The Attack Chain: From Trivy to LiteLLM
The LiteLLM compromise did not begin with LiteLLM. According to Forcepoint X-Labs’ technical analysis, TeamPCP first compromised Trivy, a widely deployed open-source vulnerability scanner maintained by Aqua Security. The attackers spoofed legitimate maintainer identities and made impersonated commits to the Trivy repository, triggering an automated release pipeline that distributed backdoored binaries through GitHub Releases, Docker Hub, and Amazon ECR.
LiteLLM’s own CI/CD pipeline used Trivy as a security scanning step. Because TeamPCP had already poisoned Trivy, the compromised scanner ran inside LiteLLM’s build environment and scraped the CI/CD runner’s memory, as eSecurity Planet reported. The malware extracted LiteLLM’s PYPI_PUBLISH token directly from runner memory, giving the attackers the ability to publish malicious LiteLLM packages to PyPI without ever touching the official source code repository.

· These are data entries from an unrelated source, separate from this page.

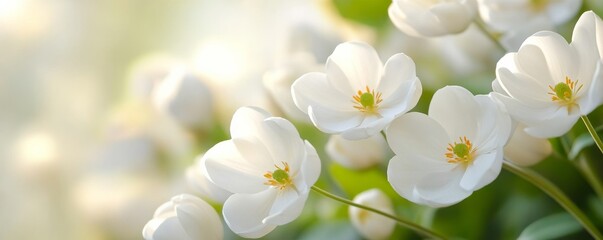 Fototapeta premium Dappled light cascading on delicate flower petals, nature's gentle elegance.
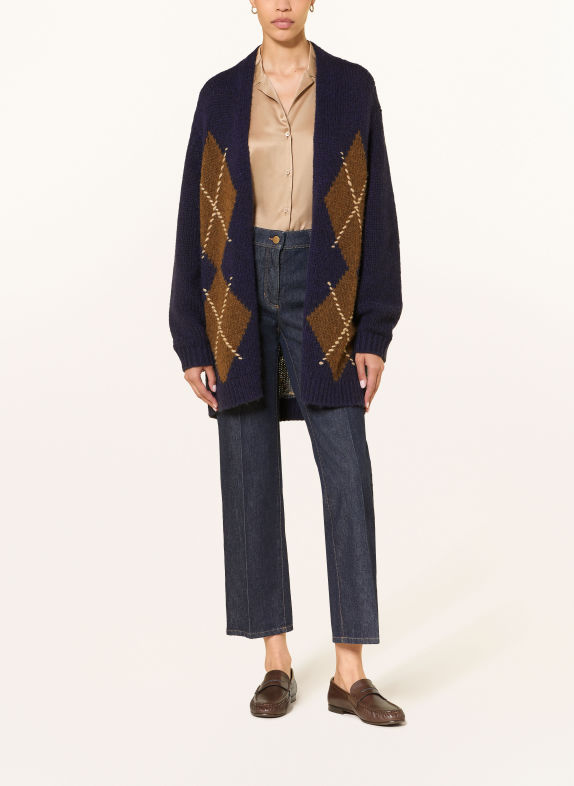 LUISA CERANO Gilet ouvert en maille avec de l'alpaga BLEU FONCÉ / MARRON FONCÉ / GRIS
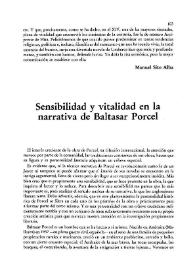 Sensibilidad y vitalidad en la narrativa de Baltasar Porcel / María José Caldentey | Biblioteca Virtual Miguel de Cervantes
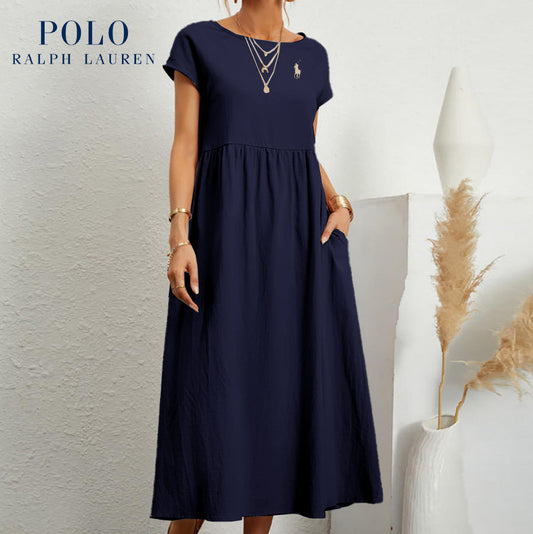 [Ralph Lauren] Abito ampio in cotone e lino, maniche corte, colore uniforme, con tasche, scollo rotondo e pieghe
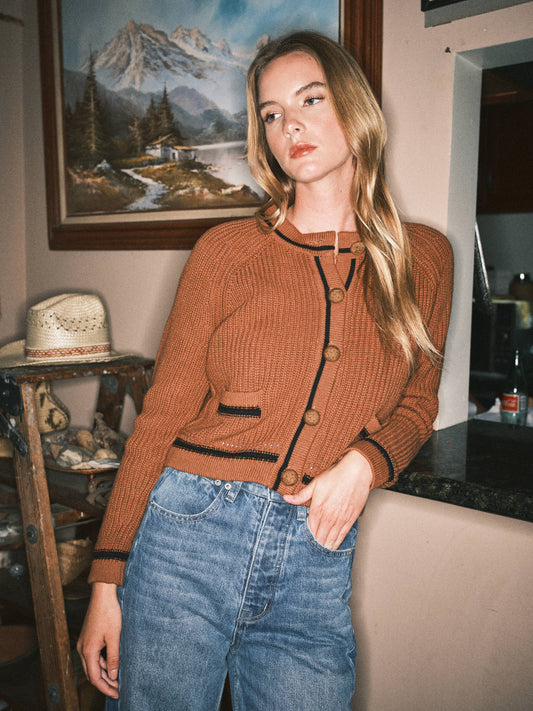 Aaron & Amber - AJJ5063 CHUNKY BUTTON DOWN CARDIGAN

This distinction matters. The LiteLLM GitHub repository was never compromised. The source code remained clean. The attack bypassed source-level integrity entirely by operating at the distribution layer.
Two Injection Techniques, Two Malicious Versions
TeamPCP published two malicious versions of LiteLLM, each using a different injection method, according to Forcepoint’s analysis.
Version 1.82.7 used direct source injection. A Base64-encoded payload was embedded into proxy_server.py, the file that runs when LiteLLM’s proxy service starts. Any application importing or starting the LiteLLM proxy would execute the malware.
Version 1.82.8 used a stealthier technique. The attackers placed a malicious .pth file named litelllm_init.pth inside Python’s site-packages directory. Because .pth files execute automatically during Python interpreter startup, as eSecurity Planet noted, the payload ran on every subsequent Python process on the affected host, even if LiteLLM was never explicitly imported by the application. A simple pip install litellm==1.82.8 activated the credential stealer across all Python processes on that machine.
What the Malware Stole
Forcepoint’s analysis of the decoded payloads revealed a three-stage credential theft operation.
Stage one was data collection. The malware scanned environment variables and configuration files for API keys from OpenAI, Anthropic, and Azure AI services, cloud credentials for AWS, Google Cloud, and Microsoft Azure, and local files including ~/.kube/config and ~/.aws/credentials.
Stage two was encryption and exfiltration. The payload generated a 32-byte AES session key, encrypted collected data using AES-256-CBC with PBKDF2 key derivation, saved everything to a compressed archive (tpcp.tar.gz), and transmitted it to an attacker-controlled domain at hxxps://models.litellm.cloud/.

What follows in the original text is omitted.